Seguramente los empleados de Industrias Patrick agradecerían ese descuento tanto como ella…

– Cuando vea el anuncio por escrito.

– No es fácil negociar contigo.

– Me paso el día negociando con niños de cinco años, tengo una gran habilidad.

– Ya lo veo. ¿De verdad puedes cambiar la rueda o quieres que envíe a alguien?

– Para cuando llegase aquí ya habría terminado. No, gracias, lo he hecho otras veces.

– Llámame cuando llegues a casa entonces.

Eso la sorprendió.

– Muy bien, lo haré.

– Hasta luego -se despidió Duncan.

– Hasta luego.

Annie guardó el móvil en el bolso y abrió el maletero para sacar la rueda de repuesto.

De repente, ya no hacía tanto calor como antes y ya no estaba tan cansada. Duncan quería que lo llamase cuando llegara a casa. Se preocupaba por ella. Tal vez no era mucho, pero era todo lo que tenía y pensaba agarrarse a ello con las dos manos.


El viernes por la noche, Annie estaba comprobando que todos los niños llevaran sus camisetas blancas con las alitas cosidas a la espalda y unos halos de cartón pintados de purpurina temblando sobre sus cabecitas. Una vez que los hubo controlado a todos, apartó la cortina que ocultaba el escenario para ver si Duncan había llegado. Algo que había estado haciendo cada cinco minutos en la última media hora.
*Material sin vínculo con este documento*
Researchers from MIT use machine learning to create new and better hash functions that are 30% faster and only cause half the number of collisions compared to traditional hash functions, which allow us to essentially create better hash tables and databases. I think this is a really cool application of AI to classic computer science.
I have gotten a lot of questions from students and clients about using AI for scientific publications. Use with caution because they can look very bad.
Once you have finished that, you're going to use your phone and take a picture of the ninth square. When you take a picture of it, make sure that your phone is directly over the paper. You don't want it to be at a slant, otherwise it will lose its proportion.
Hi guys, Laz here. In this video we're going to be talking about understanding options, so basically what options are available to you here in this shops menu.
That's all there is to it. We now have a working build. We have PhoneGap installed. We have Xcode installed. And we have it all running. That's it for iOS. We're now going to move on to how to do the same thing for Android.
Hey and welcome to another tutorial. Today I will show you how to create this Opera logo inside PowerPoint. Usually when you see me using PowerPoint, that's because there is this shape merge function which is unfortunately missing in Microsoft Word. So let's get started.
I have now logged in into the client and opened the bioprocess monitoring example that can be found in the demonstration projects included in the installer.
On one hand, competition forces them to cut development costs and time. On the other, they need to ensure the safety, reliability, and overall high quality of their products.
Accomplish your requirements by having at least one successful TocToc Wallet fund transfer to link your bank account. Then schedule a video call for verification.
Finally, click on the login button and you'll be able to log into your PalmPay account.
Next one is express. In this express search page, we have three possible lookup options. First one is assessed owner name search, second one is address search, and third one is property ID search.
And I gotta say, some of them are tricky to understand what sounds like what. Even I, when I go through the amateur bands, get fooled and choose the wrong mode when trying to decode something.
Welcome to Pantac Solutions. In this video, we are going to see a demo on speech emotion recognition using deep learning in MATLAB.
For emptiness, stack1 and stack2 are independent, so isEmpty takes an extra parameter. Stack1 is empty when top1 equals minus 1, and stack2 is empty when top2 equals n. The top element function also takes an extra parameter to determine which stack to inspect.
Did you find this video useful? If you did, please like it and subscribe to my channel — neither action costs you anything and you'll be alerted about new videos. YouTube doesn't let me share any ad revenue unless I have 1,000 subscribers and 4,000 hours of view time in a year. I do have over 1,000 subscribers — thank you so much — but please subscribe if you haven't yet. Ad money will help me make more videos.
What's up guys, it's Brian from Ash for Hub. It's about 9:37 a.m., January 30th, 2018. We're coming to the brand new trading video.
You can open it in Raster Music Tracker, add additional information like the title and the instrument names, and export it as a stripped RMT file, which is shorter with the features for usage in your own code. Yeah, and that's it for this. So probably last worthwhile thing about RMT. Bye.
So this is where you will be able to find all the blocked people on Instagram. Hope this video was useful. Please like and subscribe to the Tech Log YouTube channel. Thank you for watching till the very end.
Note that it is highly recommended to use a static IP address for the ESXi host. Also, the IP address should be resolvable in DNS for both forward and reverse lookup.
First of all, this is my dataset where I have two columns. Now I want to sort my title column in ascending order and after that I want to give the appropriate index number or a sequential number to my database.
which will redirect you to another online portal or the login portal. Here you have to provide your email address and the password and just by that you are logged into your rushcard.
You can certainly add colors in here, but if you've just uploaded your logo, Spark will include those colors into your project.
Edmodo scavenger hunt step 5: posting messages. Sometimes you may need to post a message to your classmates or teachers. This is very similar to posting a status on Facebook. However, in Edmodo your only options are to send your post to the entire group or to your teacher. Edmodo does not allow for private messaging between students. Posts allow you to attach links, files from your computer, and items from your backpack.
Pero no lo vio entre el público, de modo que aún no había llegado. No importaba, se dijo a sí misma. Sólo había dicho que intentaría ir y tal vez era una manera de decir que no tenía el menor interés. Además, no estaban saliendo juntos y no tenía ninguna obligación. ¿Qué hombre querría pasar un viernes por la noche con un montón de niños?

Suspirando, se apartó de la cortina… pero chocó contra algo sólido.

Y cuando se dio la vuelta Duncan estaba a su lado.

– ¡Duncan! ¿Qué haces aquí?

– Me pediste que viniera.

Annie rió, esperando no haberse puesto colorada.

– No, quiero decir aquí, detrás del escenario.

– Quería saludarte antes de que empezara la obra. Una de las mamas me está guardando el sitio.

Annie miró sus anchos hombros, destacados por el traje de chaqueta, y sus bonitos ojos grises.

– Seguro que sí.

– ¿Qué?

– Nada, nada. Gracias por venir, no tenías que hacerlo.

– Quería saber si seguías enfadada.

– Nunca he estado enfadada contigo.

Duncan la miró con un brillo de burla en los ojos.

– Estás mintiendo.

– No, de verdad. Estaba cansada, nada más.

– Estabas enfadada y pegando voces en medio de la autopista.

Estaba tomándole el pelo, pensó ella. Y eso le gustaba. Cuando se conocieron jamás imaginó que fuera posible.